I had a reasonable cup of café au lait in the one airport restaurant, and a small bottle of water and then sat and read for four hours or so. Short of stretching out on the dirty floor, which some passengers do, it's very difficult to sleep in the Nairobi Airport; the seating, with permanently fixed hard armrests are not amenable to it.
We boarded the Rwandair flight to Kigali at 09:00, and took off fairly quickly, the plane, a new 737-800 was quite empty.
After flying over Lake Victoria, we landed in Kigali to find a military honor guard with band on the tarmac waiting to welcome or send off someone important. The immigration man noticed right away that I had put pastor down as my occupation: "welcome!" he said expansively, “praise His name.” I thought, “yes, may our lives do so.”

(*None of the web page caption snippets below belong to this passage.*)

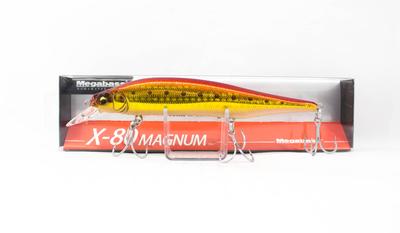 Megabass Esche Affondante X-80 Magnum GLX Akakin Iwashi (7123)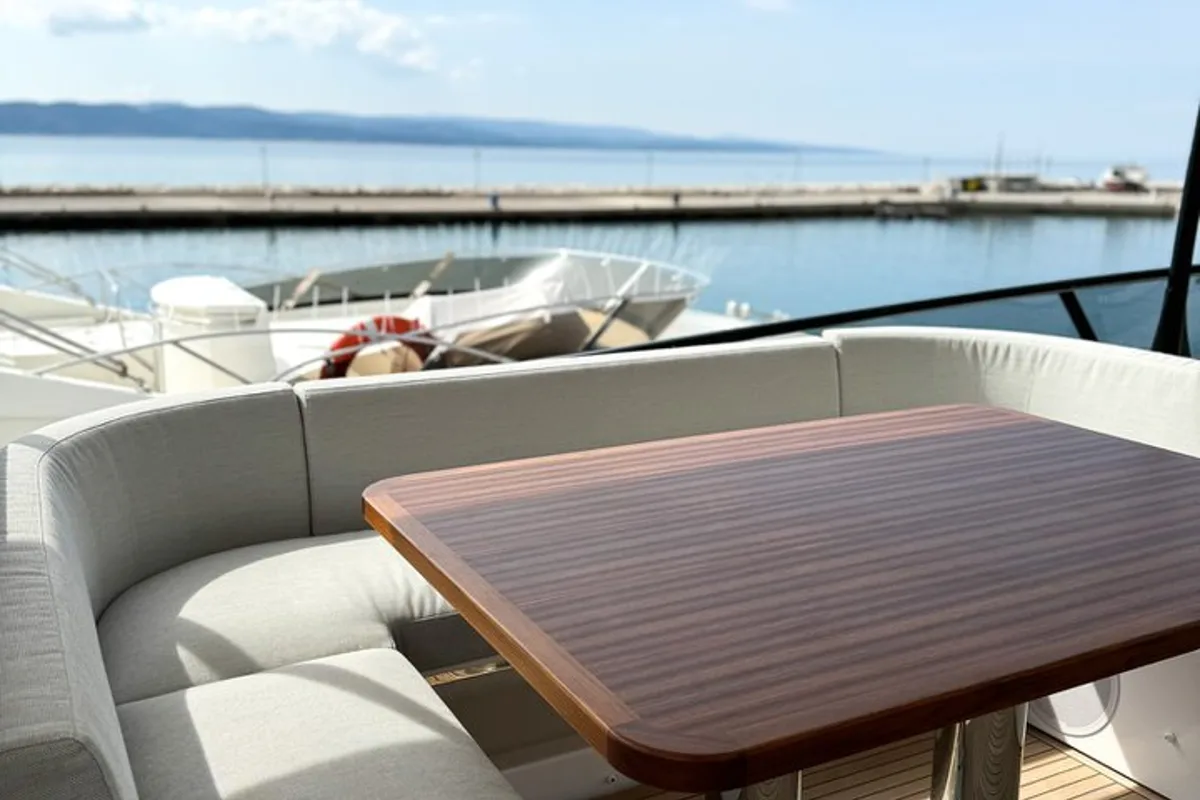 Cockpit of Moon light, a Azimut Magellano 66 yacht at Općina Sukošan, Croatia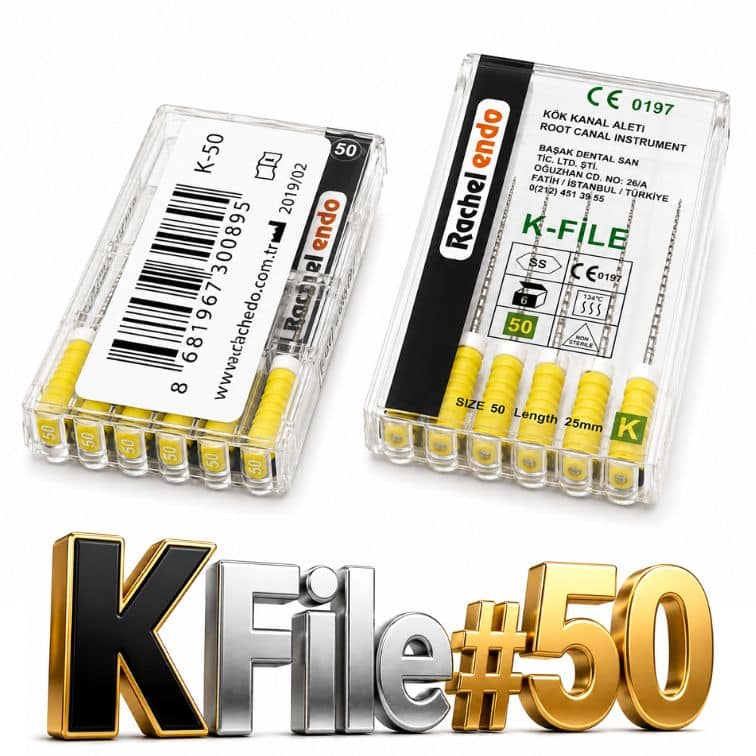 Rachel K-H Files Kanal Eğesi – Manuel Büyük Numaralar Endodontik Eğe 25 mm ürün görseli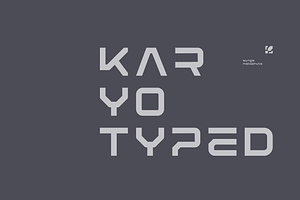 Egba Futuristic Tech Font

I moved quickly through customs and took a taxi to Chez Lando, a hotel I’ve used on and off since around 1998 when it reopened after the genocide attempt in 1994. I quickly showered and changed and called Mr. Mundeli to let him know I had arrived. He said he would send a trusted taxi for me right away. I took the time to print some handouts for my presentation and make photocopies in a small shopping area across the main street.
By the time I got back to the hotel Samuel, who I knew from many former visits, was waiting with a different vehicle than last time. This one is fairly new and actually has the steering wheel on the left side, which is to say the right side for driving on the right side as they do here.
We shared a lunch of leek soup, followed by chicken and rice with French fries, and a vegetable medley with a red sauce, and a soft drink each. Meat is a rare treat for many people here, so we took our time and allowed everyone to savor every bite.
We started the seminars again at 2:00. I spent about 90 minutes going over a section of the new manual of guidelines for church activity organization. There were many questions and it was a useful session.
Back at Chez Lando, Jim and I caught up on the news, and then had dinner in the outdoor barbecue pit which is famous in Kigali for its goat brochettes (I usually order beef brochettes, they’re less tough and now no more expensive than goat).
Mr. Franks will have more work to do today - the office work never stops not even in Africa, and I will have an early night!